Curiosity Makes the Writer

Are you like me, Wavers - do you have a deep, abiding curiosity about life? If you see a word but can't define it - do you look it up right away? What if you are having a conversation with someone and they bring up John Muir? What do you know about the man and his place in California History? How about the Spanish Civil War? When was it and what it was it all about? Who was Robert Capa? What do you know about Steinbeck aside from the obvious (Grapes of Wrath - please tell me you knew that!) Three Mile Island? Canterbury Tales? Can you hold your own in a world brimming with facts and history? But most importantly - does it matter?

Yes, it matters. Especially if you are a writer. You should be informed and in the process of being informed all the time.

When I was just a mini-Wave-inatrix, I lived in a very rural area. We got three tv channels and my parents were hippies who'd graduated from UC Berkeley in the 60s, moved to the country where they could build their own home and raise their own food and they never looked back. They became school teachers and my father had a formidable library full of the classics.

Owing to the limited tv viewing that was allowed by my parents: The Wonderful World of Disney, Mutual of Omaha's Wild Kingdom, Mary Tyler Moore and Carol Burnett, we kids were stuck either going outside for our adventures (we owned a slew of horses and ponies) or going through my dad's library and reading stuff like The Last of the Mohicans, Treasure Island, D.H. Lawrence, Dickens and most of all - Steinbeck. My dad loved John Steinbeck.

But my favorite reading was the encyclopedia. My dad had the entire Encyclopedia Britannica, from A to Z. At night, I would choose a letter, take the encyclopedia to bed and read about everything from Djibouti to the Dutchess of Windsor to Denmark, Drought and Dickens. Yes, I was a little freak. I loved learning about the world, one alpha character at a time. And it has served me very well in my life.

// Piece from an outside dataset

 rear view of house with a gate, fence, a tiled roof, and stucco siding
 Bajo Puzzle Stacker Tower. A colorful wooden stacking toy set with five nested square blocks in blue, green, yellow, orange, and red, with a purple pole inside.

Nobody has actual, updated encyclopedia sets anymore. Nobody that I know, anyway. So I wiki things I am curious about. And my dear friend Keith and I regularly play a game we call "Stupid American" - I know, it's not very politically correct but we quiz each other about random things like:

The Reformation
The Renaissance
The Restoration

When and what was each? What time period? What happened? We get as far as we can and then we look it up. When did Napoleon live? What was his deal? What does it mean when somebody refers to their "Waterloo"? What about Ivan the Terrible? Who was Emmett Till? How do you pronounce Scheherazade* and what in the heck is that, anyway? What is the oldest epic poem?* Did you know that the last Empress of Russia, Alexandra, was one of Queen Victoria's granddaughters? And she met a very nasty end, in 1918.

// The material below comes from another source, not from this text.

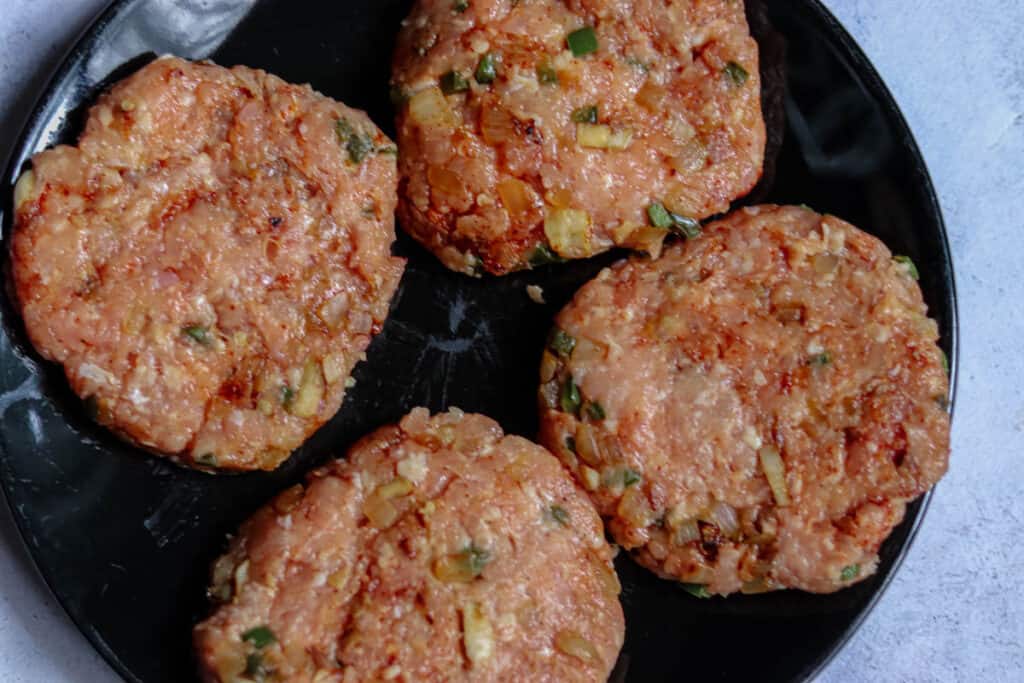 Four chicken burger patties on a plate.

Let me tell you - these things come in handy. It came in handy to know how to pronounce Scheherazade when I called Scheherazade Productions last week. It came in handy when I got a great job working on a script about John Muir. Because I know something about Mr. Muir and that meant a lot to the producer. It comes in handy to be able to correctly identify that an occurrence in a script set in the Middle Ages was not yet possible technologically.

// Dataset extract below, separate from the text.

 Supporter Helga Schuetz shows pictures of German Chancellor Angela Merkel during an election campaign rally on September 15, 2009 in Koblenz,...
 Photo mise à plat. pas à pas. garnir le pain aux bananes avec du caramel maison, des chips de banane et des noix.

More and more, people bandy about terms but they really don't know what they're talking about. And it's embarrassing. Rather than allowing ourselves to be dumbed down by our current tsetse fly culture, use the vast resource called the Internet to both satisfy your curiosity and learn more about Beowulf than the movie would have you know. What about 300? Is that true? Real? Accurate? Well, of course it's not accurate, so to speak - it was an interpretation of a real event - but it's way more fun and interesting if you know what the facts really were so you have a grasp of the jumping off point for the movie.

You can't know everything and of course you don't want to be an annoying, walking game of Trivial Pursuit - but this is not trivia, guys - this is our world. And having a knowledge and a curiosity about it will add depth to you as a writer and as a person. Take the time to bone up on some history and of course current events. Get informed, stay informed and never let that curious side of yourself go hungry. It will pay off in your writing, in your meetings and in your personal life.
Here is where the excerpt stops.